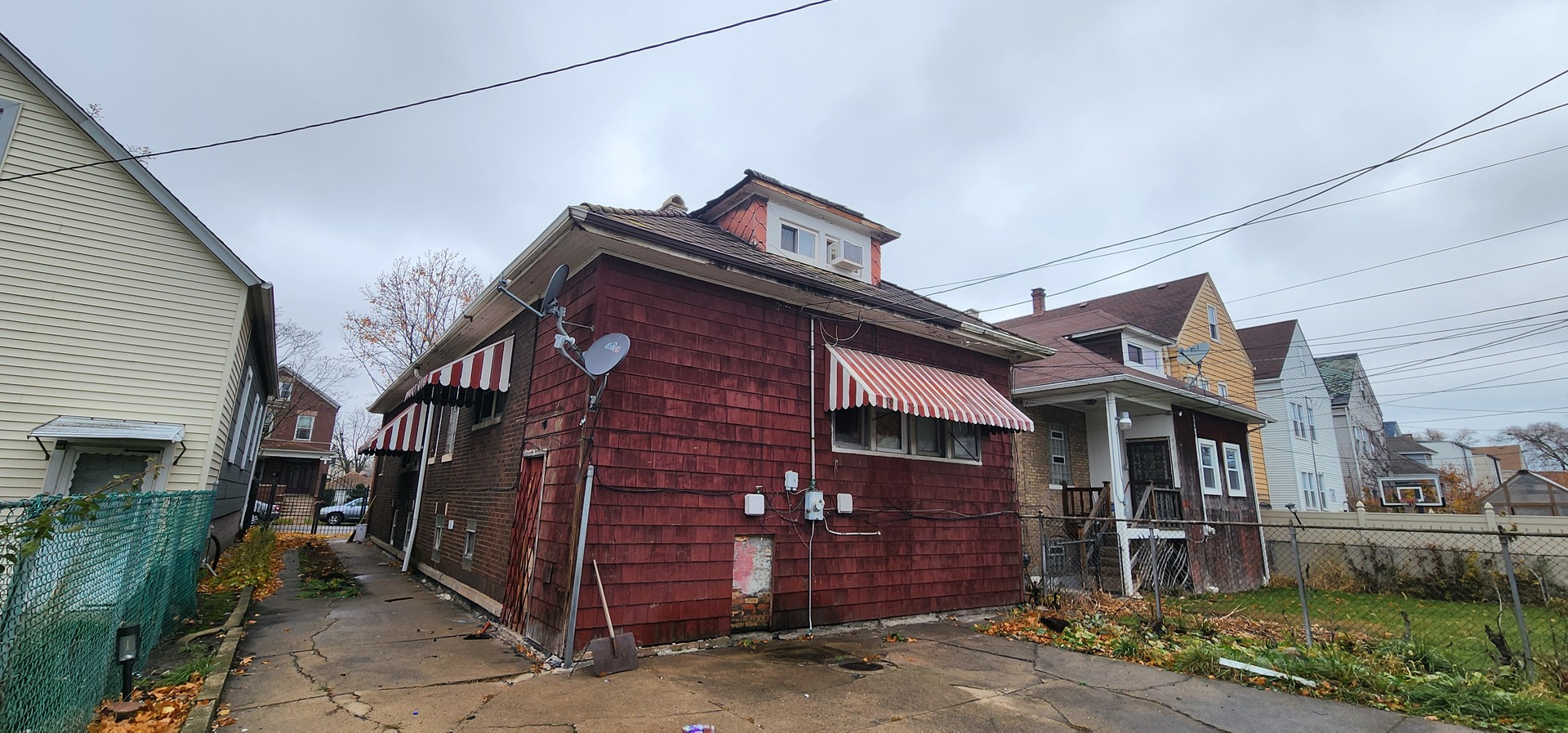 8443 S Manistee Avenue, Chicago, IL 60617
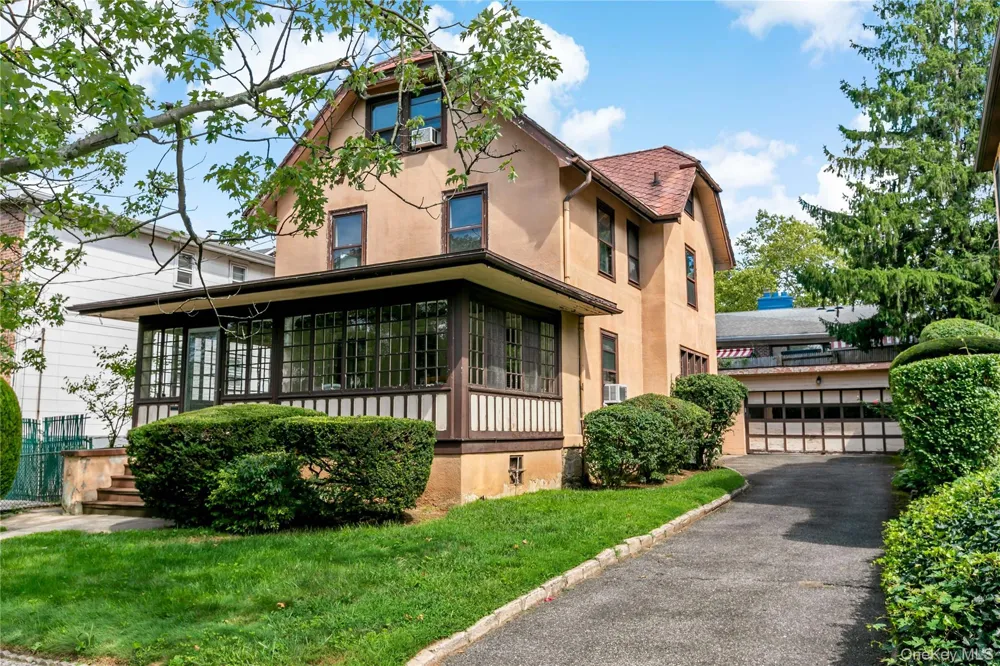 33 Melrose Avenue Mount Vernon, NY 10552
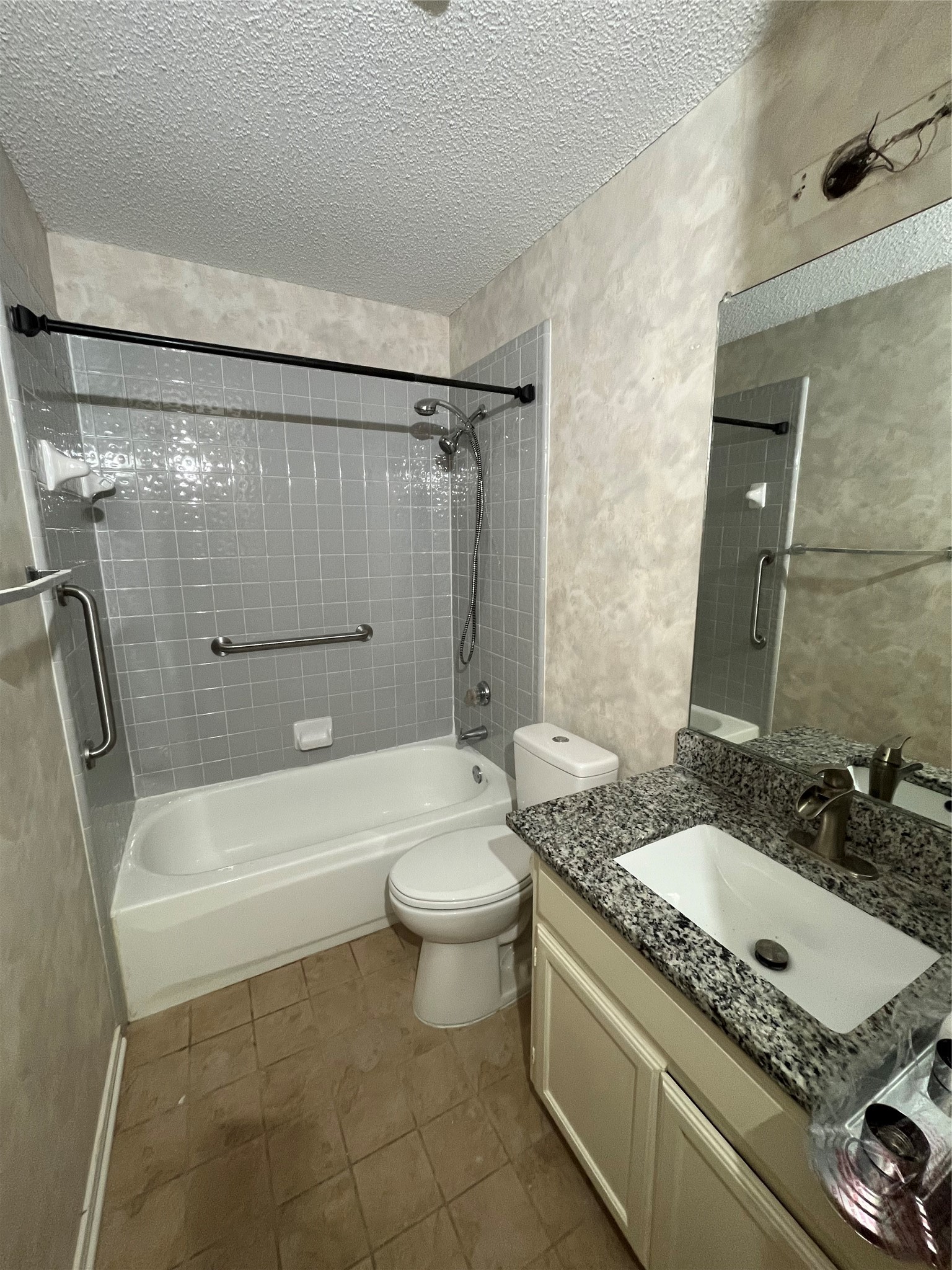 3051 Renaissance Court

[WORK REQUIRED] Leaving the pictures aside, repeat the data above exactly.

[EXPECTED OUTPUT]
 8443 S Manistee Avenue, Chicago, IL 60617
 33 Melrose Avenue Mount Vernon, NY 10552
 3051 Renaissance Court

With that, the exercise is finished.